> _What this task involves_: For this exercise, copy the records below exactly and exclude every image.
Data to examine section start
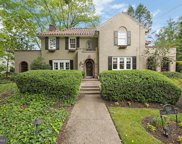 320 Chews Landing Rd, Haddonfield image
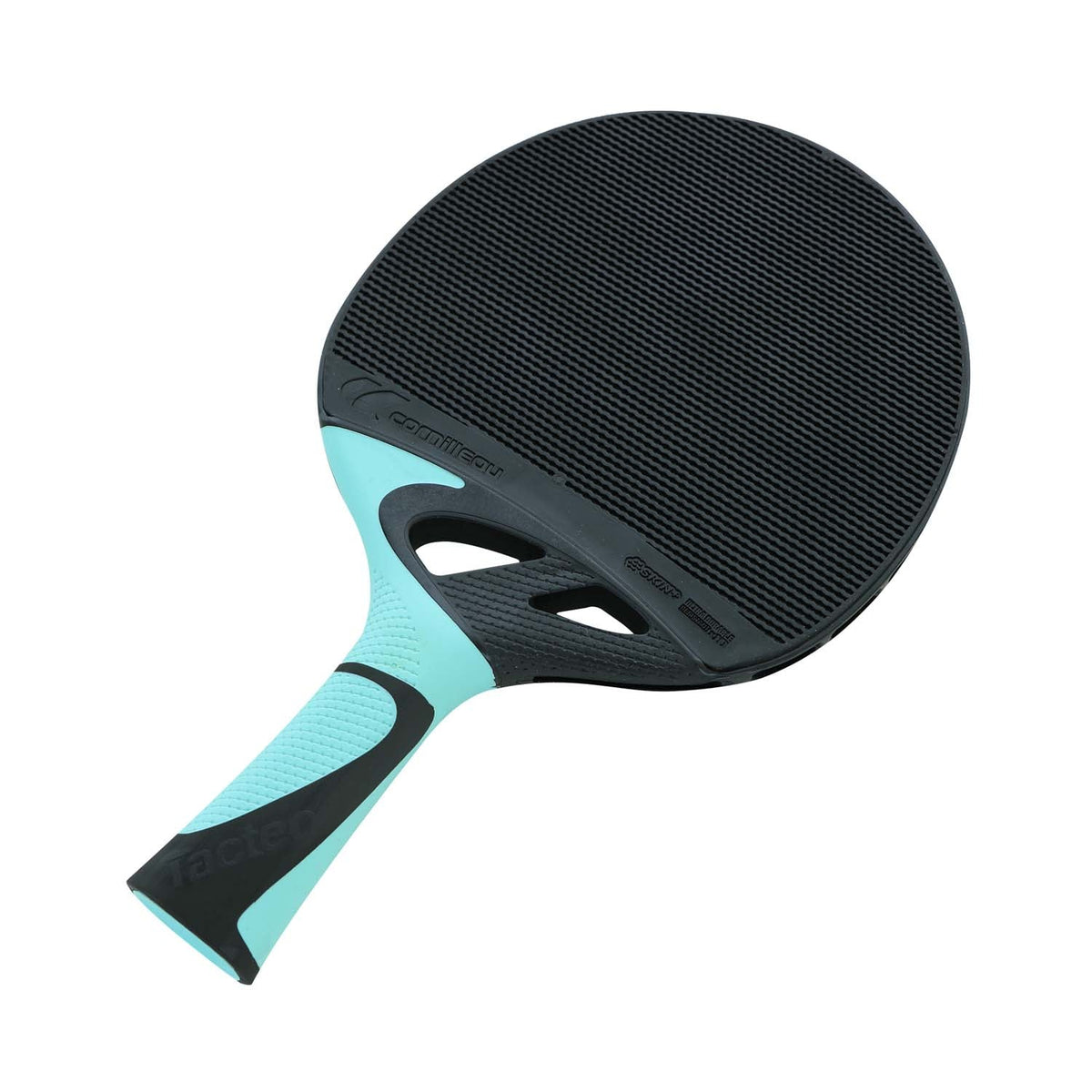 Cornilleau Tacteo 30 School Racket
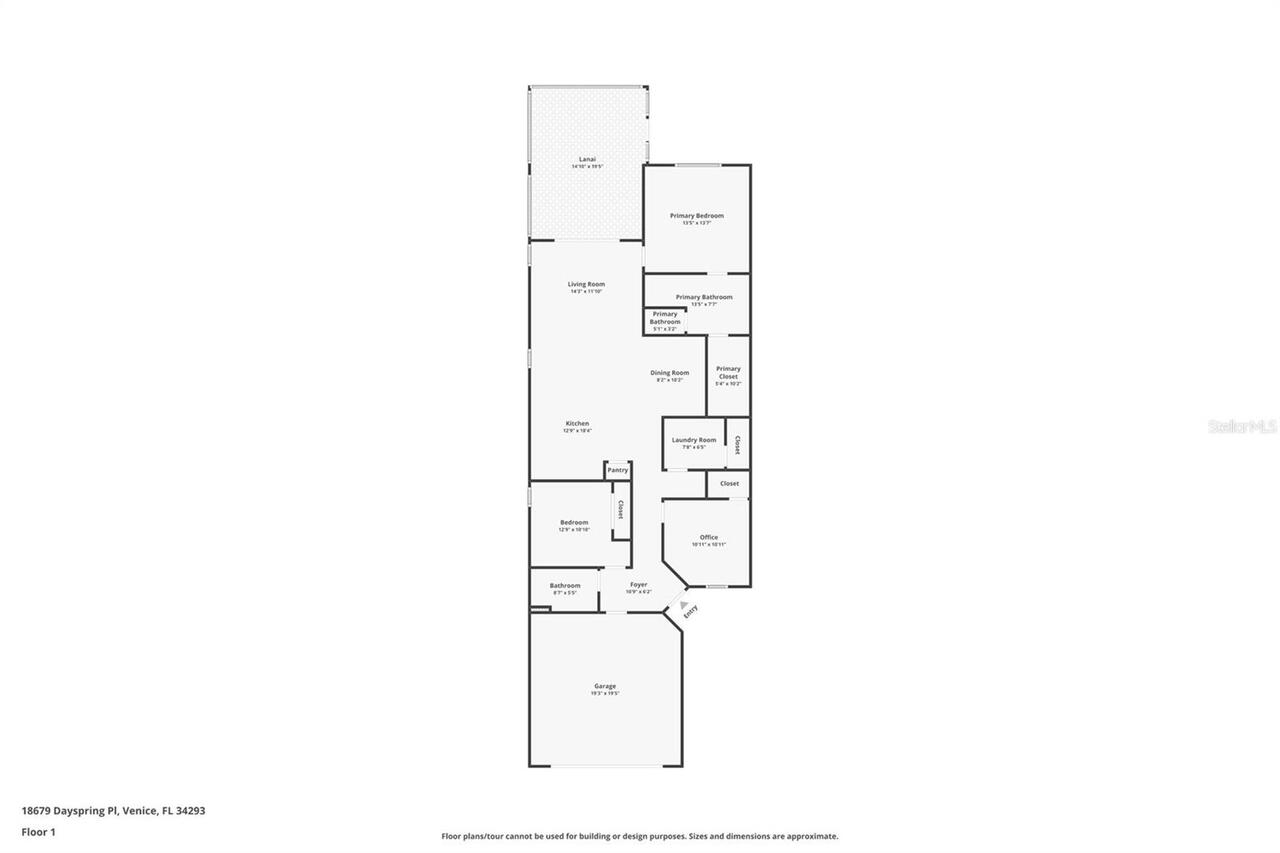 Listing Photo 56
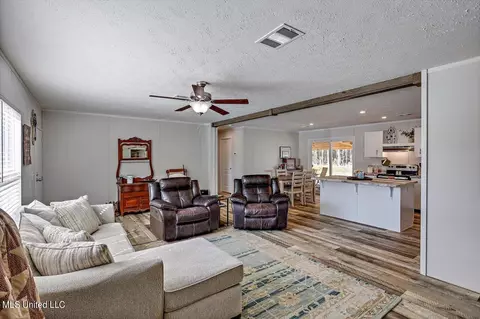 30 Craig Road Rd, Lena, MS 39094 photo 8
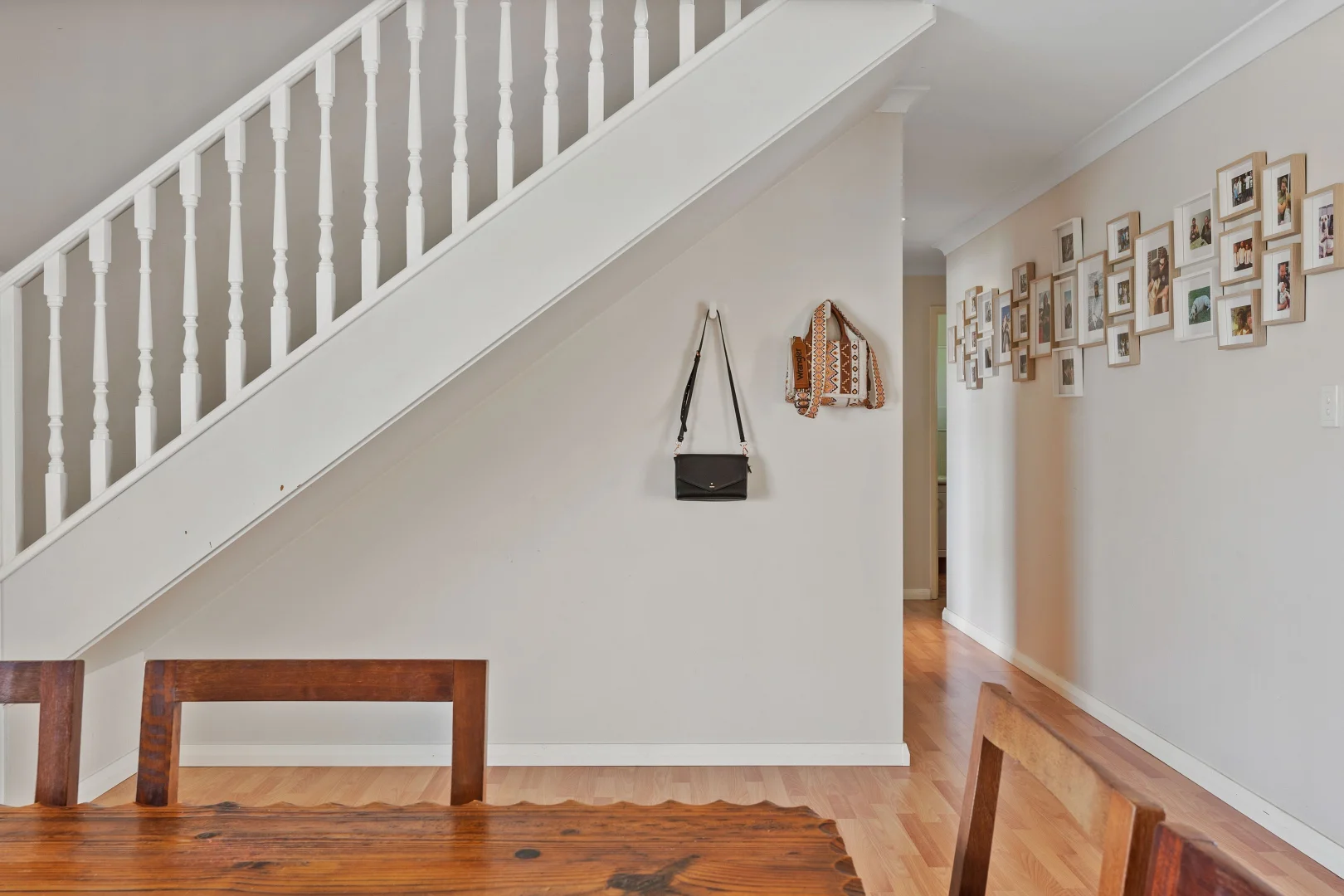 Additional image 4 of 31 Hudson Street, Seabird WA 6042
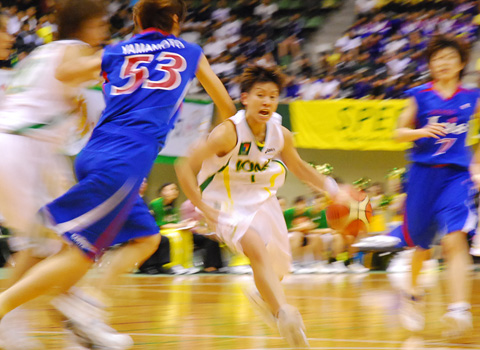 071006-1-shin01.jpg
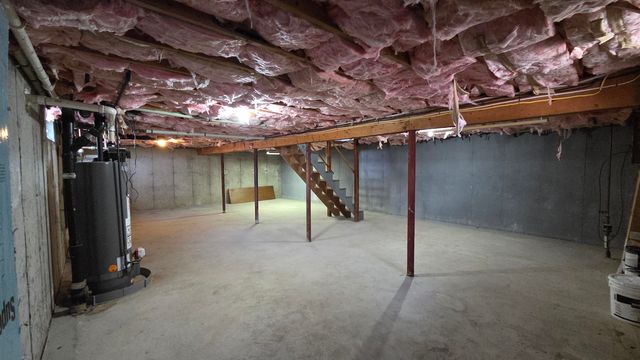 9 Rule Street, Keene, NH 03431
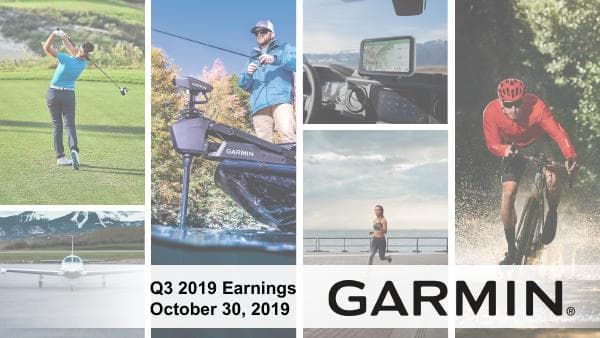 Garmin_October_2019_786_47786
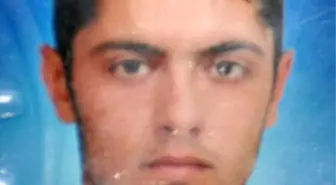 Tartıştığı Arkadaşını Öldürdü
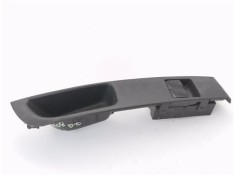 MANDO ELEVALUNAS DELANTERO IZQUIERDO 80901AX100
Data to examine section end
> _Written solution_:
 320 Chews Landing Rd, Haddonfield image
 Cornilleau Tacteo 30 School Racket
 Listing Photo 56
 30 Craig Road Rd, Lena, MS 39094 photo 8
 Additional image 4 of 31 Hudson Street, Seabird WA 6042
 071006-1-shin01.jpg
 9 Rule Street, Keene, NH 03431
 Garmin_October_2019_786_47786
 Tartıştığı Arkadaşını Öldürdü
 MANDO ELEVALUNAS DELANTERO IZQUIERDO 80901AX100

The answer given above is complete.